Input records.
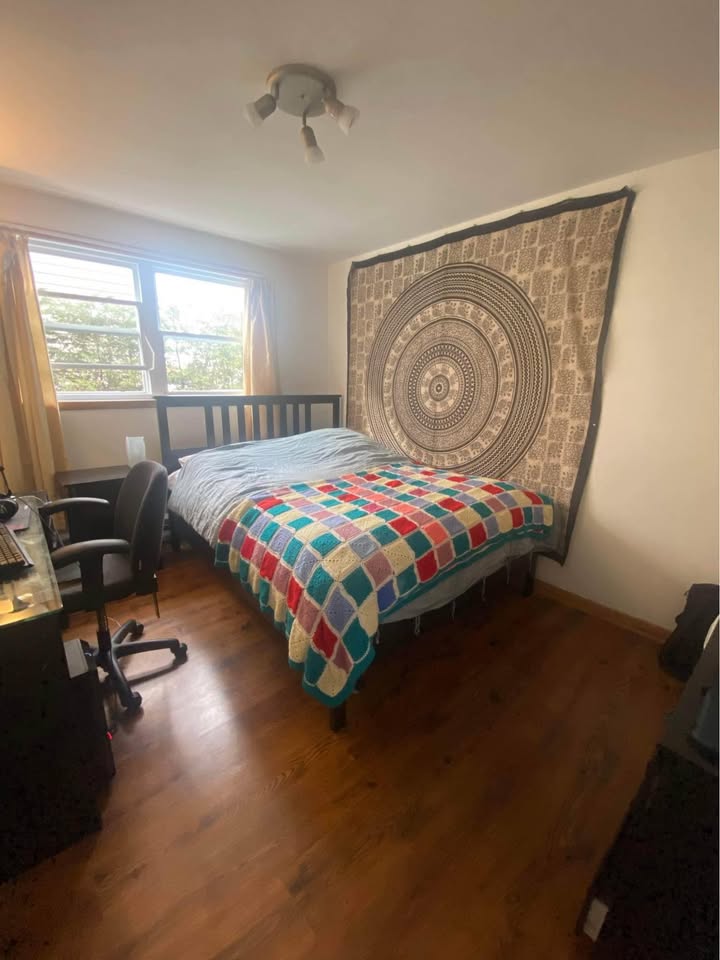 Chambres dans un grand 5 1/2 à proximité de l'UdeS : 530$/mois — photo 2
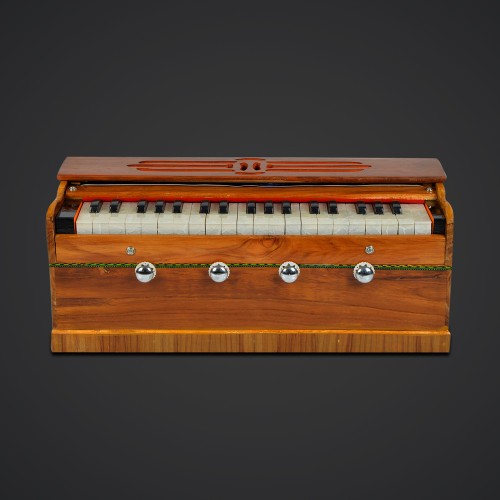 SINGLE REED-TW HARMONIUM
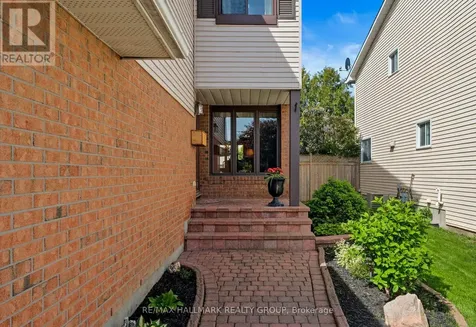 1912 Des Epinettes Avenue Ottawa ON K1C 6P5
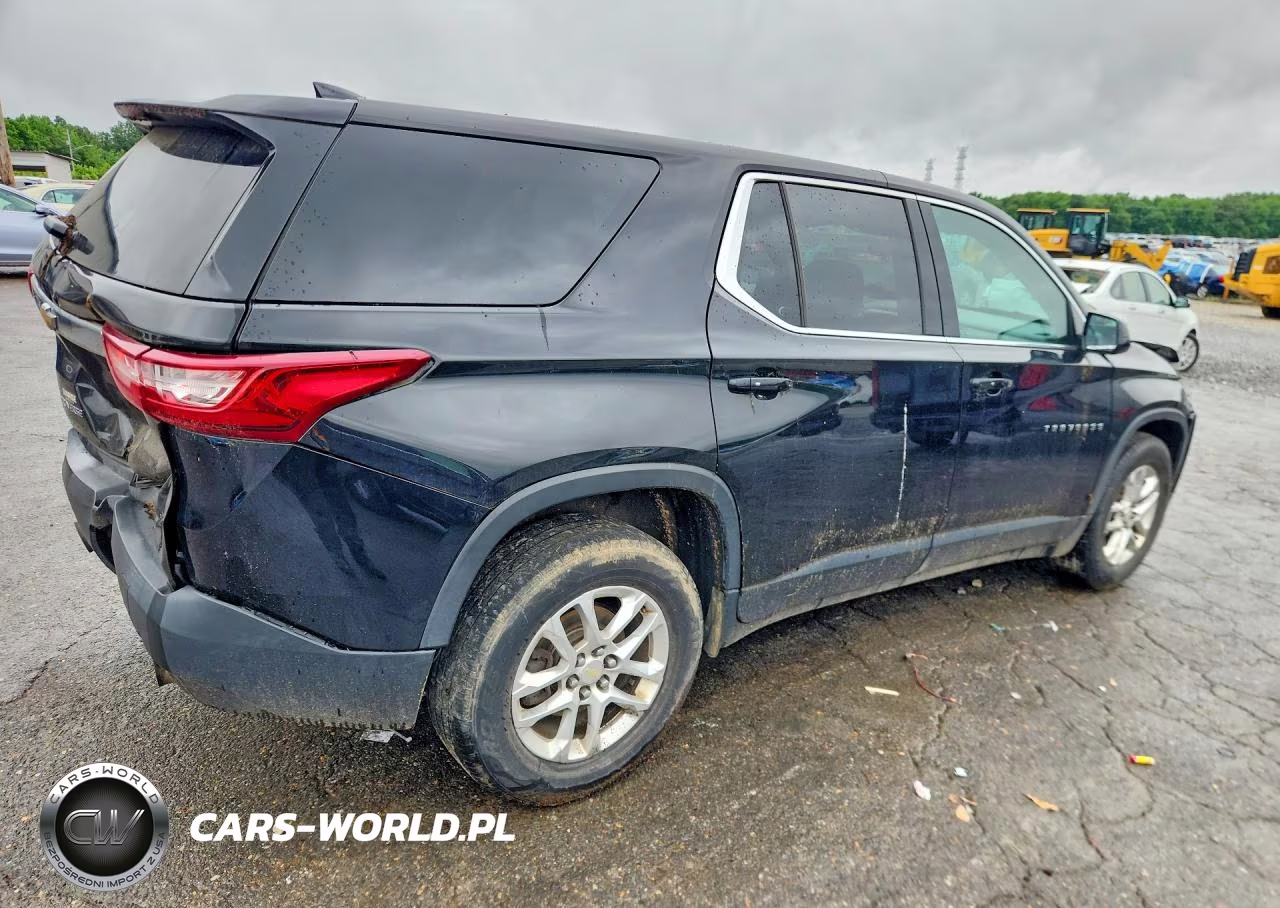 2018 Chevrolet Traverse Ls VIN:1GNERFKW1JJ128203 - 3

...

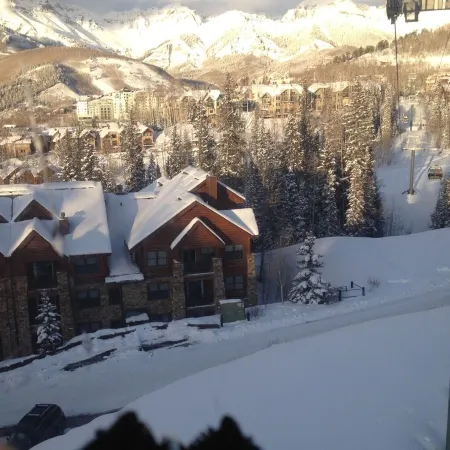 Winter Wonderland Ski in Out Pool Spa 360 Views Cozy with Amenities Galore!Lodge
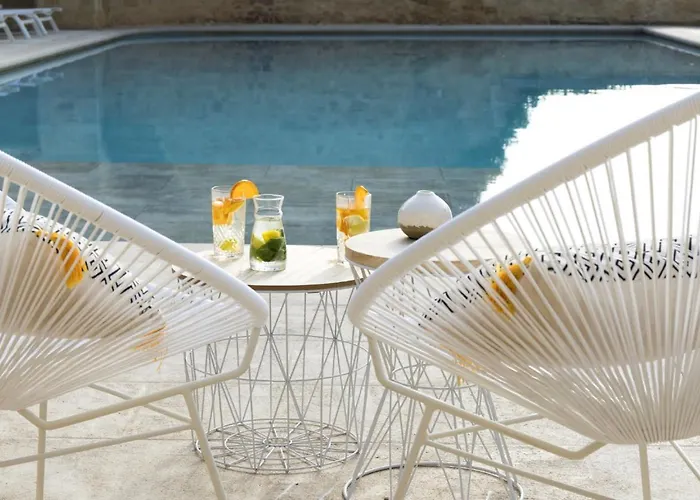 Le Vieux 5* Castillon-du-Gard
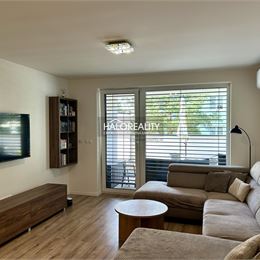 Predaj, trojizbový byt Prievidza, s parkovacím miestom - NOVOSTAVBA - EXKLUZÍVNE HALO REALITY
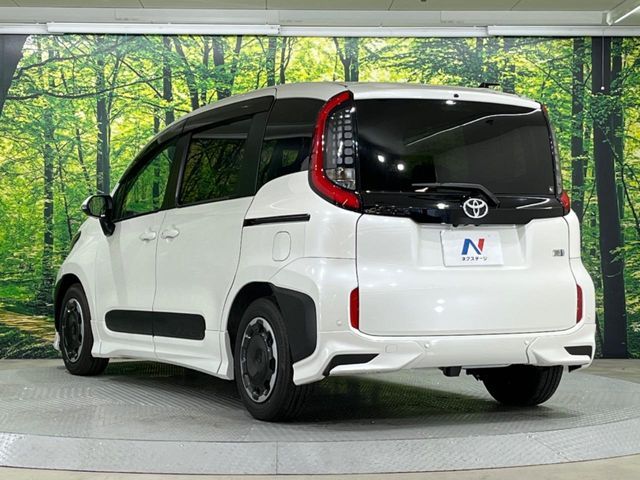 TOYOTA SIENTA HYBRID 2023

What you are asked to do. The answer must be the lines above from the one containing "Chambres dans un" through the one containing "2018 Chevrolet Traverse", reproduced exactly, with no pictures and nothing else.

Finished task.
 Chambres dans un grand 5 1/2 à proximité de l'UdeS : 530$/mois — photo 2
 SINGLE REED-TW HARMONIUM
 1912 Des Epinettes Avenue Ottawa ON K1C 6P5
 2018 Chevrolet Traverse Ls VIN:1GNERFKW1JJ128203 - 3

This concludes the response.